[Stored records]
= = =
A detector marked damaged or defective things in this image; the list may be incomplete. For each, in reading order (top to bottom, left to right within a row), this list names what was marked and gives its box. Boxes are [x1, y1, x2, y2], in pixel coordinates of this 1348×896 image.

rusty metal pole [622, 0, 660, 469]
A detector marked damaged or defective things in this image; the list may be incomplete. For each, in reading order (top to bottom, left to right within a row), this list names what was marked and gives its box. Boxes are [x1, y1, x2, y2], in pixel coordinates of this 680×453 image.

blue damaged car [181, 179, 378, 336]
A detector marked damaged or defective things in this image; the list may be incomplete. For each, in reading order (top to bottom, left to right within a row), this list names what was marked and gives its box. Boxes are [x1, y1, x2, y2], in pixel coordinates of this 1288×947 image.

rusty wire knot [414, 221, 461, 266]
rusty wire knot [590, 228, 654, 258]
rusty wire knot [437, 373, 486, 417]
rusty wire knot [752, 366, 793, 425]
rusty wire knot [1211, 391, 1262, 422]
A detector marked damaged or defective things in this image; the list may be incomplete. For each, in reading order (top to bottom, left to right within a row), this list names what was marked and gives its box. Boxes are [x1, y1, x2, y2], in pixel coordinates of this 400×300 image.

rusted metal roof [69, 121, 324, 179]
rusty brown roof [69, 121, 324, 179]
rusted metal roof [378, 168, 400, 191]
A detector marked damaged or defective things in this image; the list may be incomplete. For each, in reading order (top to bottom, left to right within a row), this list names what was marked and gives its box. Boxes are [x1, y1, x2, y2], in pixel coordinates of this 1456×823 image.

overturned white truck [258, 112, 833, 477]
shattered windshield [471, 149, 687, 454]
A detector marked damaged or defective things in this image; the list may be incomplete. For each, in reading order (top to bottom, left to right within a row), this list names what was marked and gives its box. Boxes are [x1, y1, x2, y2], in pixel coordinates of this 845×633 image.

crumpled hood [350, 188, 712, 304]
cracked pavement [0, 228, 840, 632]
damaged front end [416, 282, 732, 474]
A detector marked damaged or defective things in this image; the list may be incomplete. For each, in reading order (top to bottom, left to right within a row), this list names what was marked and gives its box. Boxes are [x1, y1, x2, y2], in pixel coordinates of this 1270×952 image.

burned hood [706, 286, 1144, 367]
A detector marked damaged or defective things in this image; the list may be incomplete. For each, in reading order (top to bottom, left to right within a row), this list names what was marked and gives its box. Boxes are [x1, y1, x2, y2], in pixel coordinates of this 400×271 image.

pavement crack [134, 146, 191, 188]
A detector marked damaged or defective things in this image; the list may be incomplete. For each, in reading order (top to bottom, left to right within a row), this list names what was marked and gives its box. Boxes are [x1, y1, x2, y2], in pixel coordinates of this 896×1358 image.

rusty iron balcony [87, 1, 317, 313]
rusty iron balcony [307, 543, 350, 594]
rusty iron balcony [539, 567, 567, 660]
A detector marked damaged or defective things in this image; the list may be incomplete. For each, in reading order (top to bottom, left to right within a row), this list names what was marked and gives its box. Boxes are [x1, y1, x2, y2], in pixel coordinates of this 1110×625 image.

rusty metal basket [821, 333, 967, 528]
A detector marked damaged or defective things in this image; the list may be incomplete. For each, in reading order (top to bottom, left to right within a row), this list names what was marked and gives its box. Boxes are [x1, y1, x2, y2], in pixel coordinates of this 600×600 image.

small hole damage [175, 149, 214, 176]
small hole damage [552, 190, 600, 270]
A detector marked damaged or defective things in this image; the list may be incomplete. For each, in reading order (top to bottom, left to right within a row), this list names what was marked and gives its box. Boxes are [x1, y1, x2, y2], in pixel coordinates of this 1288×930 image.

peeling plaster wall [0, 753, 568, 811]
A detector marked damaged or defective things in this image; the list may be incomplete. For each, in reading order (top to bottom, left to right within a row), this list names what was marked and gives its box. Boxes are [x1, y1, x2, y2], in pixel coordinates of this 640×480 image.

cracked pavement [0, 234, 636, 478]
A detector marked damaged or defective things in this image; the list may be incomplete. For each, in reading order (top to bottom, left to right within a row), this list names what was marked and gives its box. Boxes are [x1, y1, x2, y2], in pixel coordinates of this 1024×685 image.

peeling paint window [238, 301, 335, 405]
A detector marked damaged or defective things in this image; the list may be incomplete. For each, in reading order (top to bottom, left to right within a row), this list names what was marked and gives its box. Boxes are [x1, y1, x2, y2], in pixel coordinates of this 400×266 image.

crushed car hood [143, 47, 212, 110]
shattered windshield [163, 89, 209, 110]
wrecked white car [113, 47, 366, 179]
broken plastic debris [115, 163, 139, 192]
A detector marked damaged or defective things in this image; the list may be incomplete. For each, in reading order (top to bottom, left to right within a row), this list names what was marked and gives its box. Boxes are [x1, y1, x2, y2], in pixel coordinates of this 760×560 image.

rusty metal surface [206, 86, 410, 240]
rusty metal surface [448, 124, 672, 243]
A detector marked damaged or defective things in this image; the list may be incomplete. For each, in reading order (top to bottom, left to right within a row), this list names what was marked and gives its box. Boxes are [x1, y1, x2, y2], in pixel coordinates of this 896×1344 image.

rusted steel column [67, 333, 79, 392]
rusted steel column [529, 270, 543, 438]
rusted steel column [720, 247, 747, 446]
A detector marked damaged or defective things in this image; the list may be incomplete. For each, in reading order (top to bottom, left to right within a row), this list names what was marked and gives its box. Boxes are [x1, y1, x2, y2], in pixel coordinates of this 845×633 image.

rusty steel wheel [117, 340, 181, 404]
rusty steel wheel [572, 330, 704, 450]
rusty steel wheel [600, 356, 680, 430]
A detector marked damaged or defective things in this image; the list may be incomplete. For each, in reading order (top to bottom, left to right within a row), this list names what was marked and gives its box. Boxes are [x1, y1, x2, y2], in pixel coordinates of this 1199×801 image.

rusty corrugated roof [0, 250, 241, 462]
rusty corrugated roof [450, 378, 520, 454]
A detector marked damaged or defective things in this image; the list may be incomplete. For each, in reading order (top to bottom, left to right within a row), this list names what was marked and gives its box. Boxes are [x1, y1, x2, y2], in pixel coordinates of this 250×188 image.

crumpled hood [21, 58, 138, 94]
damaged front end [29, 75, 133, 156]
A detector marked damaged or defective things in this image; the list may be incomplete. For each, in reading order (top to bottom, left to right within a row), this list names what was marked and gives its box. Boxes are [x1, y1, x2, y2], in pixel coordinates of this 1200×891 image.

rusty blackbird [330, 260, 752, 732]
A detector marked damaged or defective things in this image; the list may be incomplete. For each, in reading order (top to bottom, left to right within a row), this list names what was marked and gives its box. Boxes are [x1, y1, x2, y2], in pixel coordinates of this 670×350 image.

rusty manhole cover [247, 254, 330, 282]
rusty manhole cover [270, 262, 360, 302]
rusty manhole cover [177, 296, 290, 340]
= = =
A verbatim copy of every entry is needed.

-- Exercise result --
A detector marked damaged or defective things in this image; the list may be incomplete. For each, in reading order (top to bottom, left to right within a row), this list names what was marked and gives its box. Boxes are [x1, y1, x2, y2], in pixel coordinates of this 1348×896 image.

rusty metal pole [622, 0, 660, 469]
A detector marked damaged or defective things in this image; the list may be incomplete. For each, in reading order (top to bottom, left to right within a row), this list names what was marked and gives its box. Boxes are [x1, y1, x2, y2], in pixel coordinates of this 680×453 image.

blue damaged car [181, 179, 378, 336]
A detector marked damaged or defective things in this image; the list may be incomplete. For each, in reading order (top to bottom, left to right within a row), this list names what was marked and gives its box. Boxes are [x1, y1, x2, y2], in pixel coordinates of this 1288×947 image.

rusty wire knot [414, 221, 461, 266]
rusty wire knot [590, 228, 654, 258]
rusty wire knot [437, 373, 486, 417]
rusty wire knot [752, 366, 793, 425]
rusty wire knot [1211, 391, 1262, 422]
A detector marked damaged or defective things in this image; the list may be incomplete. For each, in reading order (top to bottom, left to right within a row), this list names what was marked and gives its box. Boxes are [x1, y1, x2, y2], in pixel coordinates of this 400×300 image.

rusted metal roof [69, 121, 324, 179]
rusty brown roof [69, 121, 324, 179]
rusted metal roof [378, 168, 400, 191]
A detector marked damaged or defective things in this image; the list may be incomplete. For each, in reading order (top to bottom, left to right within a row), this list names what was marked and gives its box. Boxes are [x1, y1, x2, y2], in pixel coordinates of this 1456×823 image.

overturned white truck [258, 112, 833, 477]
shattered windshield [471, 149, 687, 454]
A detector marked damaged or defective things in this image; the list may be incomplete. For each, in reading order (top to bottom, left to right within a row), this list names what was marked and gives its box. Boxes are [x1, y1, x2, y2], in pixel coordinates of this 845×633 image.

crumpled hood [350, 188, 712, 304]
cracked pavement [0, 228, 840, 632]
damaged front end [416, 282, 732, 474]
A detector marked damaged or defective things in this image; the list may be incomplete. For each, in reading order (top to bottom, left to right within a row), this list names what was marked and gives its box. Boxes are [x1, y1, x2, y2], in pixel coordinates of this 1270×952 image.

burned hood [706, 286, 1144, 367]
A detector marked damaged or defective things in this image; the list may be incomplete. For each, in reading order (top to bottom, left to right within a row), this list names what was marked and gives its box. Boxes are [x1, y1, x2, y2], in pixel coordinates of this 400×271 image.

pavement crack [134, 146, 191, 188]
A detector marked damaged or defective things in this image; the list may be incomplete. For each, in reading order (top to bottom, left to right within a row), this list names what was marked and gives its box. Boxes are [x1, y1, x2, y2], in pixel coordinates of this 896×1358 image.

rusty iron balcony [87, 1, 317, 313]
rusty iron balcony [307, 543, 350, 594]
rusty iron balcony [539, 567, 567, 660]
A detector marked damaged or defective things in this image; the list may be incomplete. For each, in reading order (top to bottom, left to right within a row), this list names what was marked and gives its box. Boxes are [x1, y1, x2, y2], in pixel coordinates of this 1110×625 image.

rusty metal basket [821, 333, 967, 528]
A detector marked damaged or defective things in this image; the list may be incomplete. For each, in reading order (top to bottom, left to right within a row), this list names what was marked and gives its box. Boxes are [x1, y1, x2, y2], in pixel coordinates of this 600×600 image.

small hole damage [175, 149, 214, 176]
small hole damage [552, 190, 600, 270]
A detector marked damaged or defective things in this image; the list may be incomplete. For each, in reading order (top to bottom, left to right within a row), this list names what was marked and gives its box. Boxes are [x1, y1, x2, y2], in pixel coordinates of this 1288×930 image.

peeling plaster wall [0, 753, 568, 811]
A detector marked damaged or defective things in this image; the list may be incomplete. For each, in reading order (top to bottom, left to right within a row), this list names what was marked and gives its box. Boxes are [x1, y1, x2, y2], in pixel coordinates of this 640×480 image.

cracked pavement [0, 234, 636, 478]
A detector marked damaged or defective things in this image; the list may be incomplete. For each, in reading order (top to bottom, left to right within a row), this list names what was marked and gives its box. Boxes are [x1, y1, x2, y2], in pixel coordinates of this 1024×685 image.

peeling paint window [238, 301, 335, 405]
A detector marked damaged or defective things in this image; the list may be incomplete. For each, in reading order (top to bottom, left to right within a row), this list names what was marked and gives its box. Boxes are [x1, y1, x2, y2], in pixel coordinates of this 400×266 image.

crushed car hood [143, 47, 212, 110]
shattered windshield [163, 89, 209, 110]
wrecked white car [113, 47, 366, 179]
broken plastic debris [115, 163, 139, 192]
A detector marked damaged or defective things in this image; the list may be incomplete. For each, in reading order (top to bottom, left to right within a row), this list names what was marked and gives its box. Boxes are [x1, y1, x2, y2], in pixel coordinates of this 760×560 image.

rusty metal surface [206, 86, 410, 240]
rusty metal surface [448, 124, 672, 243]
A detector marked damaged or defective things in this image; the list may be incomplete. For each, in reading order (top to bottom, left to right within a row), this list names what was marked and gives its box. Boxes are [x1, y1, x2, y2], in pixel coordinates of this 896×1344 image.

rusted steel column [67, 333, 79, 392]
rusted steel column [529, 270, 543, 438]
rusted steel column [720, 247, 747, 446]
A detector marked damaged or defective things in this image; the list may be incomplete. For each, in reading order (top to bottom, left to right within a row), this list names what was marked and gives its box. Boxes are [x1, y1, x2, y2], in pixel coordinates of this 845×633 image.

rusty steel wheel [117, 340, 181, 404]
rusty steel wheel [572, 330, 704, 450]
rusty steel wheel [600, 356, 680, 430]
A detector marked damaged or defective things in this image; the list may be incomplete. For each, in reading order (top to bottom, left to right within a row), this list names what was marked and gives its box. Boxes are [x1, y1, x2, y2], in pixel coordinates of this 1199×801 image.

rusty corrugated roof [0, 250, 241, 462]
rusty corrugated roof [450, 378, 520, 454]
A detector marked damaged or defective things in this image; the list may be incomplete. For each, in reading order (top to bottom, left to right within a row), this list names what was marked and gives its box. Boxes are [x1, y1, x2, y2], in pixel coordinates of this 250×188 image.

crumpled hood [21, 58, 138, 94]
damaged front end [29, 75, 133, 156]
A detector marked damaged or defective things in this image; the list may be incomplete. For each, in reading order (top to bottom, left to right within a row), this list names what was marked and gives its box. Boxes are [x1, y1, x2, y2], in pixel coordinates of this 1200×891 image.

rusty blackbird [330, 260, 752, 732]
A detector marked damaged or defective things in this image; the list may be incomplete. For each, in reading order (top to bottom, left to right within a row), this list names what was marked and gives its box. Boxes are [x1, y1, x2, y2], in pixel coordinates of this 670×350 image.

rusty manhole cover [247, 254, 330, 282]
rusty manhole cover [270, 262, 360, 302]
rusty manhole cover [177, 296, 290, 340]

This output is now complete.